On This Page
Mean
The mean, often referred to as the average, is calculated by summing up all the values in a dataset and dividing the total by the number of observations. It is a measure of central tendency that gives us a sense of the typical value in a set
\[\text{Mean} = \frac{\sum_{i=1}^{n} x_i}{n}\]Use Mean When:
- The data is symmetrically distributed.
- Outliers have minimal impact on the overall trend.
- The data follows a normal distribution.
Median
The median is the middle value of a dataset when it is ordered. To find the median, we arrange the values in ascending or descending order and identify the middle value. If the dataset has an even number of observations, the median is the average of the two middle values.
\[\text{Median} = \begin{cases} x_{\frac{n+1}{2}} & \text{if } n \text{ is odd} \\ \frac{x_{\frac{n}{2}} + x_{\frac{n}{2} + 1}}{2} & \text{if } n \text{ is even} \end{cases}\]Use Median When:
- The data is skewed or contains outliers.
- There is a concern about extreme values affecting the average.
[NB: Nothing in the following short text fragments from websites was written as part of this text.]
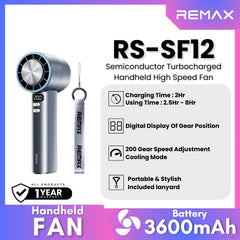 REMAX - RS-SF12 Semiconductor Digital Display Turbocharged Portable Handheld High-Speed Fan - Blue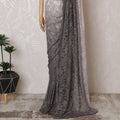 قماش دانتيل شانتيلي متدرج فرنسي أنيق - تصميم فضي إلى فحمي، عرض 110 سم، 5.5 متر-D19467
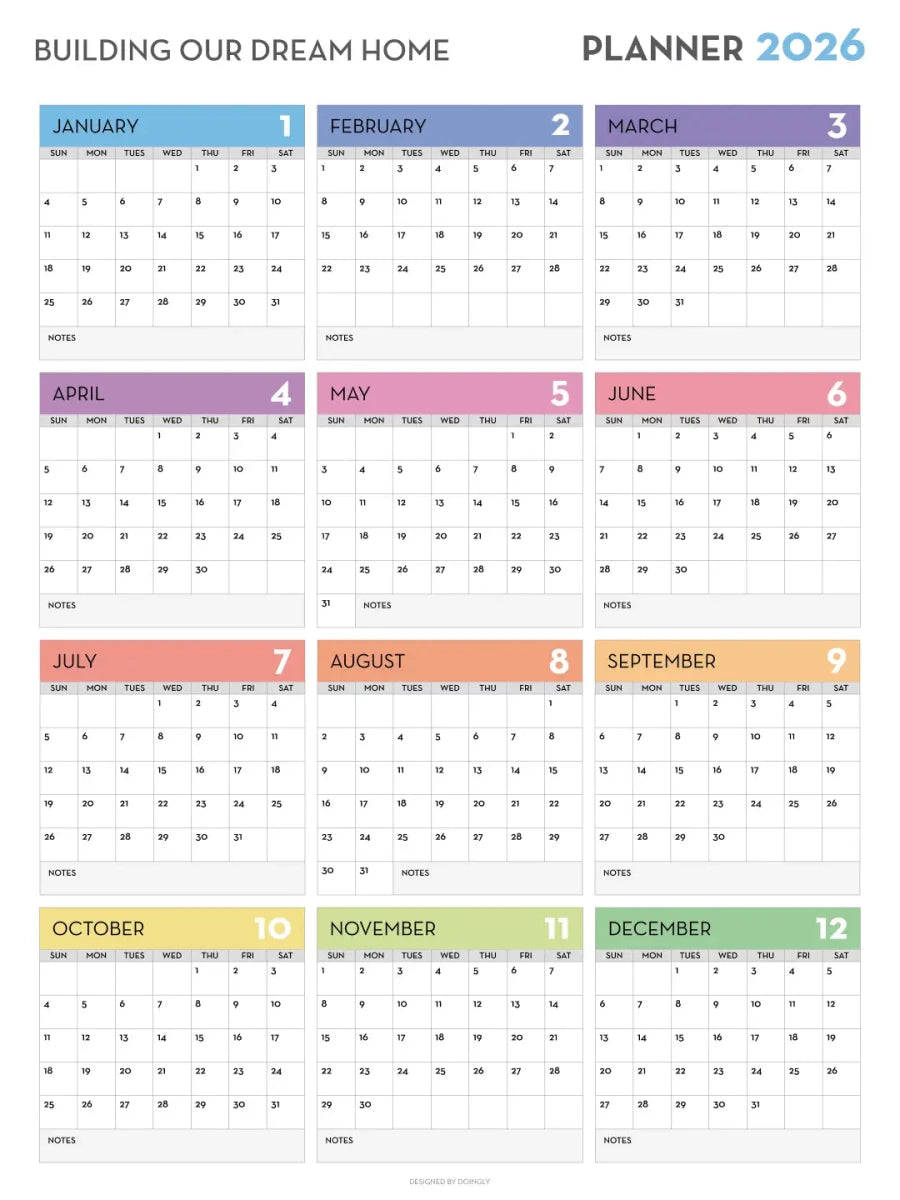 2026 Wall Calendar 7 - New Poster Print by doingly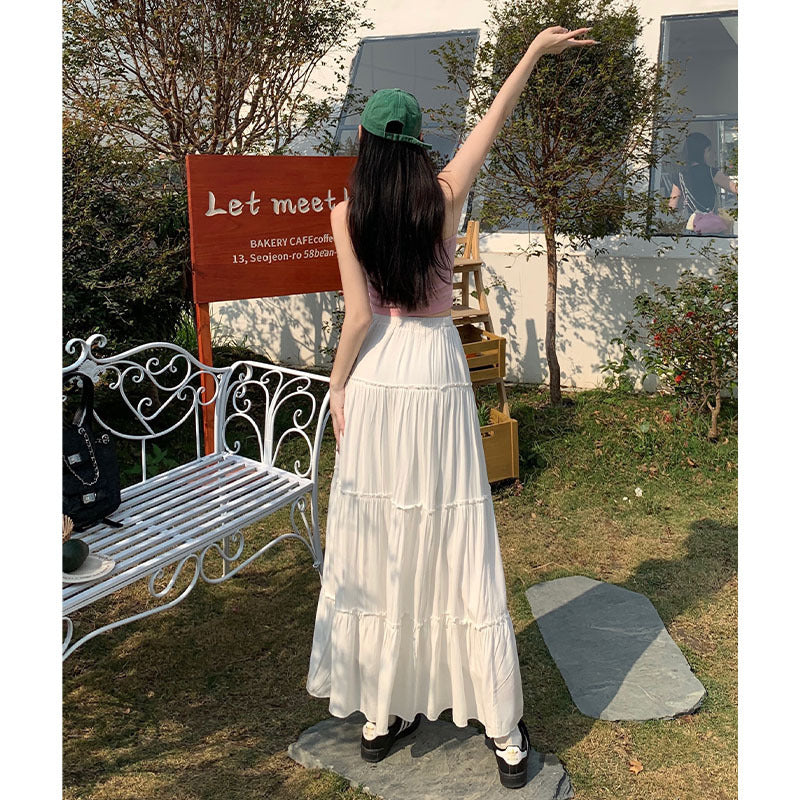 Women's Summer High Waist Elastic Waist Pleated Casual Mid-length Skirt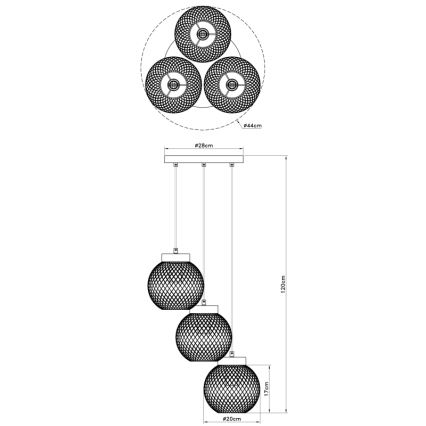 Globo - Lustra ar auklu 3xE27/60W/230V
- The distribution is not symmetrical.
Example
Exam Scores
Imagine a class of students with the following exam scores: 75,80,85,90,95,100
mean : 87.5
In this case, using the mean provides a good representation of the average score, and it aligns with the central tendency of the data.
Household Incomes
Consider a dataset representing household incomes in a small town: 25000, 30000, 45000, 50000, 5000000
Mean = 1021000
Median = 45000
In this scenario, the mean is significantly influenced by the extremely high income of 5000000. Using the mean might not accurately represent the typical household income because it is heavily skewed by the outlier. The median, on the other hand, gives a more realistic picture of the central tendency, making it a better choice for this dataset.